Now, download and parse the data from the latest run:

latest_run = max(model_data.data.keys())  # datetime.datetime(2020, 7, 7, 12, 0)
data = model_data.data[latest_run]
# This will download the data to a temporary file, parse the data and delete the file
data.parse(delete=True)

The data.data dictionary now has the following structure:

# The first level has the valid times
valid_times = data.data.keys()
print(list(valid_times))
# -> [datetime.datetime(2020, 7, 7, 18, 0),
#     datetime.datetime(2020, 7, 7, 19, 0),
#     datetime.datetime(2020, 7, 7, 20, 0)]

The second level of the dictionary has the data vertical levels, here the earliest time step is shown:

earliest_step = min(valid_times)
data_levels = data.data[earliest_step].keys()
print(list(data_levels))
# -> [0, 2, 10]

Lets loop over these levels and print the dataset names and the units.

for level in data_levels:
    datasets = data.data[earliest_step][level]
    for dset in datasets:
        unit = datasets[dset]["units"]
        data_array = datasets[dset]["data"]  # Numpy array of the actual data
        print("Level: %d, dataset name: %s, data unit: %s" % (level, dset, units))

This will print:

Level: 0, dataset name: Mean sea level pressure, data unit: J m**-2
Level: 0, dataset name: Orography, data unit: J m**-2
Level: 0, dataset name: Surface thermal radiation downwards, data unit: J m**-2
Level: 0, dataset name: Surface net thermal radiation, data unit: J m**-2
Level: 0, dataset name: Surface net solar radiation, data unit: J m**-2
Level: 2, dataset name: 2 metre temperature, data unit: J m**-2
Level: 2, dataset name: 2 metre dewpoint temperature, data unit: J m**-2
Level: 2, dataset name: 2 metre relative humidity, data unit: J m**-2
Level: 10, dataset name: Mean wind direction, data unit: J m**-2
Level: 10, dataset name: 10 metre wind speed, data unit: J m**-2
Level: 10, dataset name: 10 metre U wind component, data unit: J m**-2
Level: 10, dataset name: 10 metre V wind component, data unit: J m**-2
Level: 10, dataset name: surface precipitation amount, rain, convective, data unit: J m**-2
Level: 10, dataset name: Total Cloud Cover, data unit: J m**-2
Level: 10, dataset name: Low cloud cover, data unit: J m**-2
Level: 10, dataset name: Medium cloud cover, data unit: J m**-2
Level: 10, dataset name: High cloud cover, data unit: J m**-2
Level: 10, dataset name: Land-sea mask, data unit: J m**-2
Level: 10, dataset name: Precipitation rate, data unit: J m**-2
Level: 10, dataset name: Maximum wind velocity, data unit: J m**-2
Level: 10, dataset name: 10 metre wind gust since previous post-processing, data unit: J m**-2
Level: 10, dataset name: Surface solar radiation downwards, data unit: J m**-2

The whole structure Grid.data[valid_time][level][dataset_name] with 'data' and 'units' members is common to all grid type WFS data.
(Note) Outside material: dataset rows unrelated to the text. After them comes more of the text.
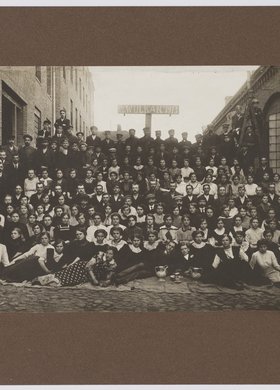 Portret zbiorowy pracowników Warszawskiego Towarzystwa Fabryk Wyrobów Metalowych i Emaliowanych "Wulkan"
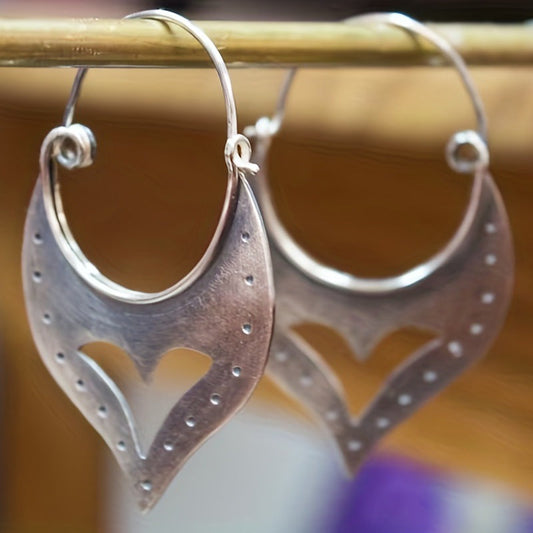 Charming Earring for Any Occasion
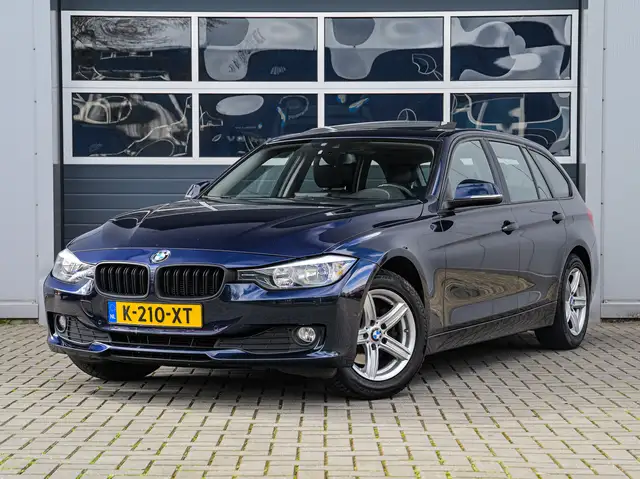 BMW 316 3-serie Touring 316i High Executive | Automaat | P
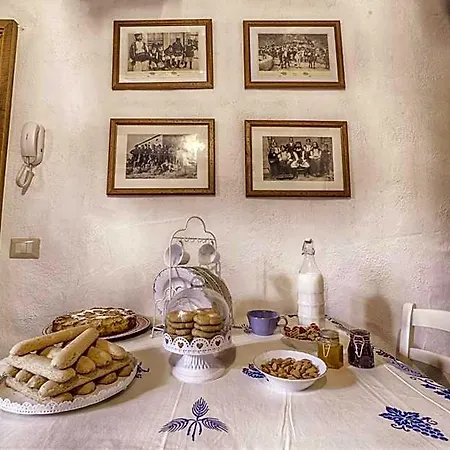 B&B Casa Masini Authentic Barbagia Boutique 3*
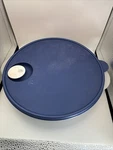 Tupperware Crystal Divided Meal Keeper 3284C-2 Microwave Vent Blue Storage. Fixed Price $10.00.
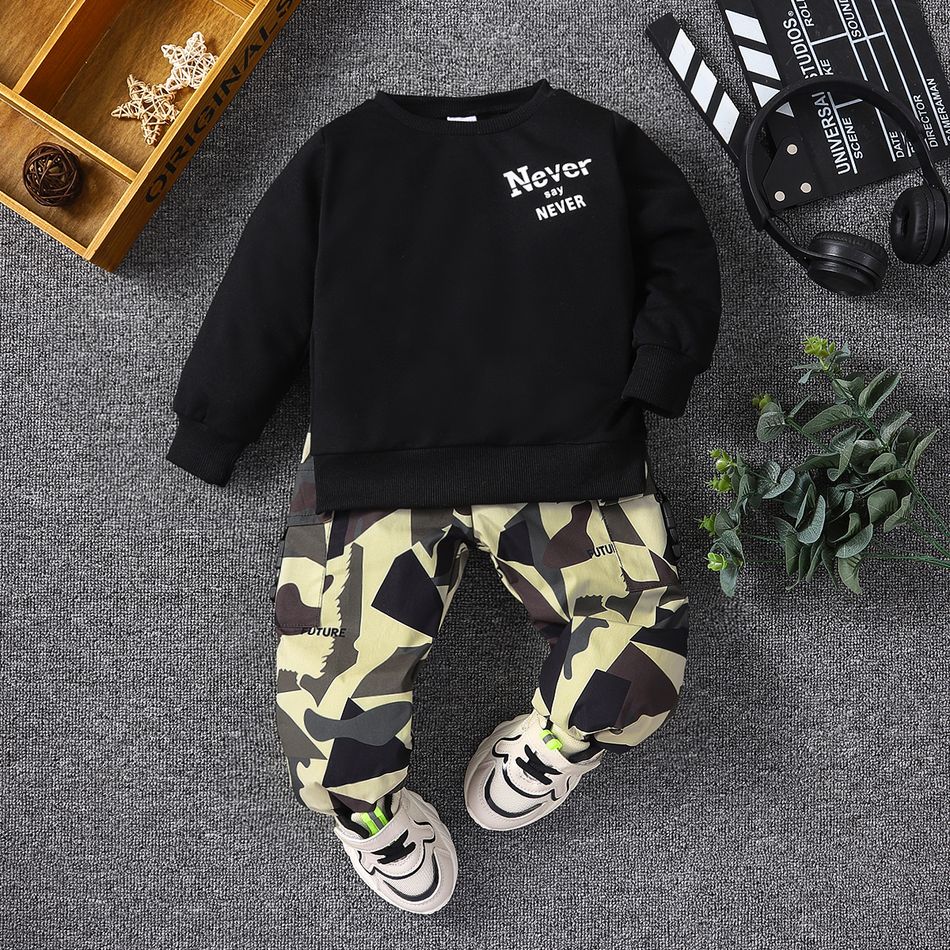 2pcs Toddler Boy Trendy Letter Print Sweatshirt and Camouflage Print Pocket Design Pants Set Black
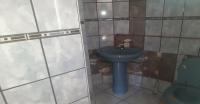 Bathroom 3+ of property in Ficksburg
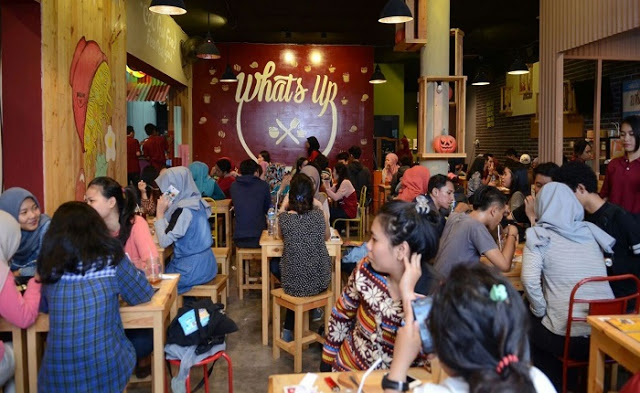 1. What’s Up Cafe, 2. Fat Bubble, 3. Koma Cafe, 4. Playout Cafe, 5. Coffee Toffee, 6. Good News Coffee & Dine , 7. Tibumi Rumah Kopi, 8. D’Savor, 9. Rustic Kitchen & Coffee, 10. Beranda Depok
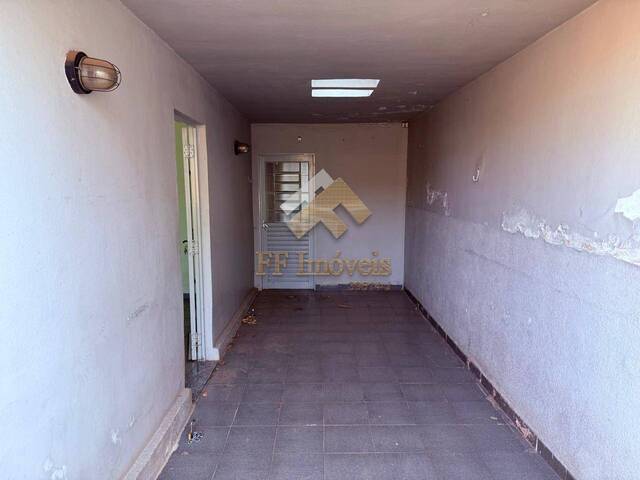 #445 - Casa para Venda em São Carlos - SP - 2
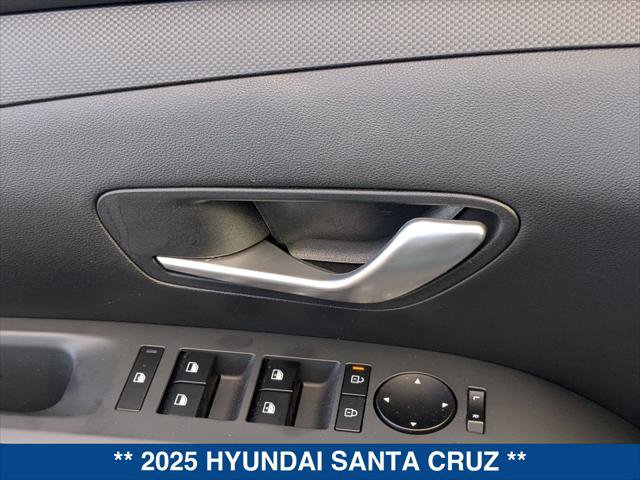 Used 2025 Hyundai Santa Cruz SEL FWD image 11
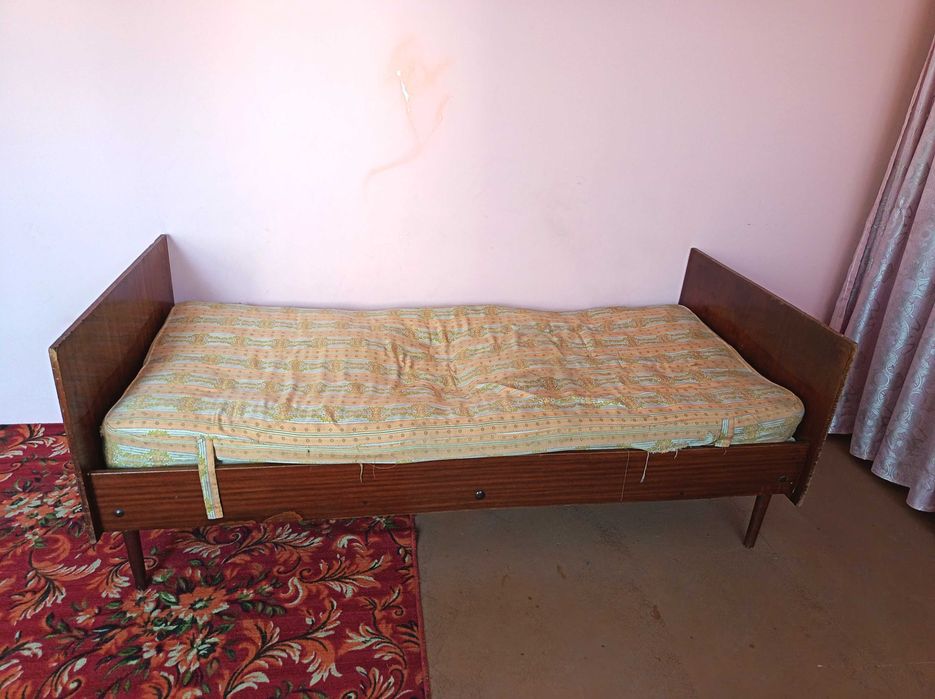 Divan eski olmoqchi bo'lselar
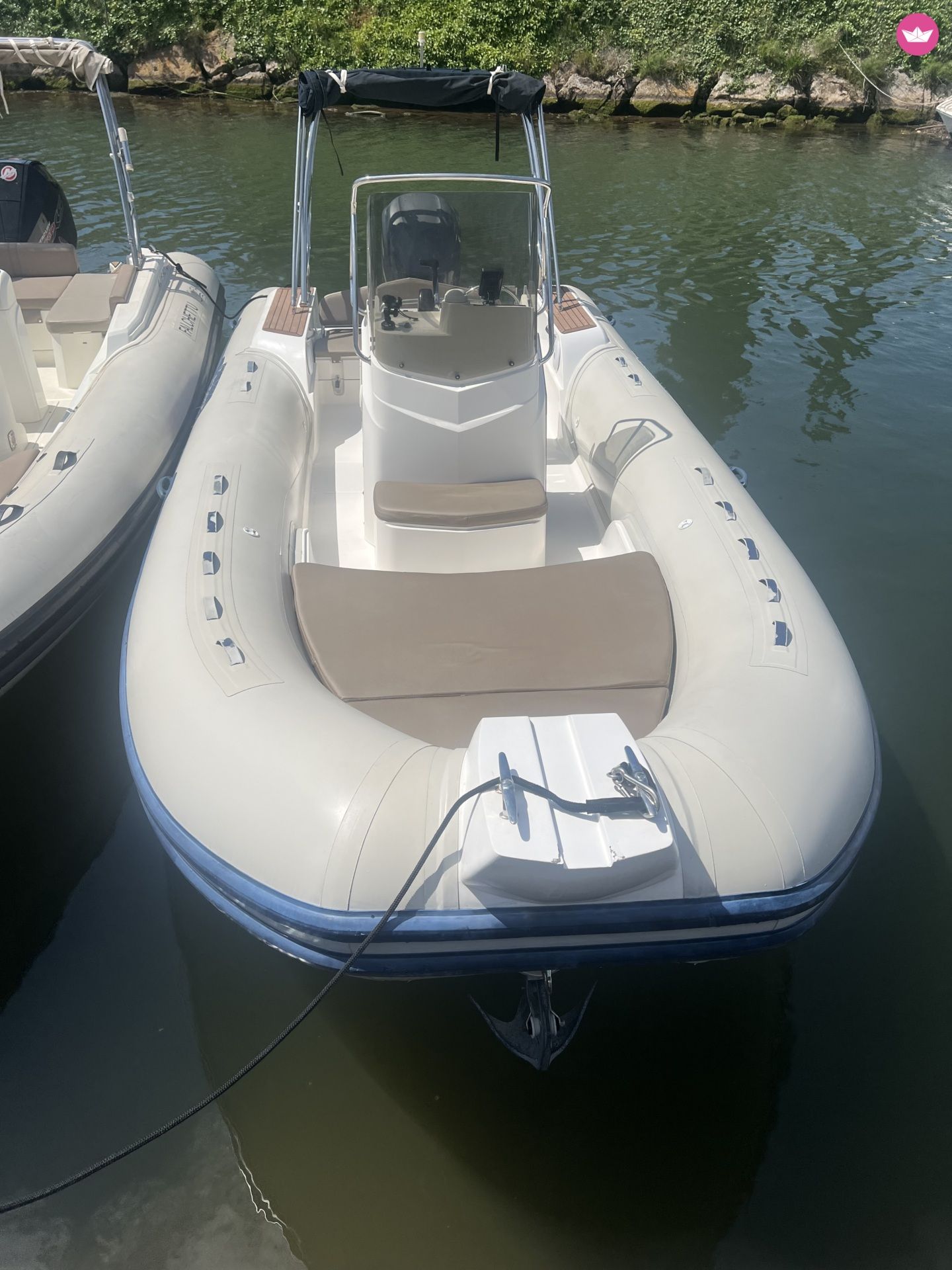 Semi-rigide Capelli 690 tempes 200cv 2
The data arrays will have invalid values replaced with np.nan.

Download and parse observation data

import datetime as dt

from fmiopendata.wfs import download_stored_query

# Retrieve the latest hour of data from a bounding box
end_time = dt.datetime.utcnow()
start_time = end_time - dt.timedelta(hours=1)
# Convert times to properly formatted strings
start_time = start_time.isoformat(timespec="seconds") + "Z"
# -> 2020-07-07T12:00:00Z
end_time = end_time.isoformat(timespec="seconds") + "Z"
# -> 2020-07-07T13:00:00Z

obs = download_stored_query("fmi::observations::weather::multipointcoverage",
                            args=["bbox=18,55,35,75",
                                  "starttime=" + start_time,
                                  "endtime=" + end_time])

The structure of the returned MultiPoint class is

MultiPoint.data  # The observation data
MultiPoint.location_metadata  # Location information for the observation locations

The data dictionary has the following structure, which is designed to be used for collecting data for distinct timesteps:

# The observation times are the primary key
print(sorted(obs.data.keys())
# -> [datetime.datetime(2020, 7, 7, 15, 0),
#     datetime.datetime(2020, 7, 7, 15, 1),
#     datetime.datetime(2020, 7, 7, 15, 2),
#     datetime.datetime(2020, 7, 7, 15, 3),
#     datetime.datetime(2020, 7, 7, 15, 4),
#     datetime.datetime(2020, 7, 7, 15, 5)]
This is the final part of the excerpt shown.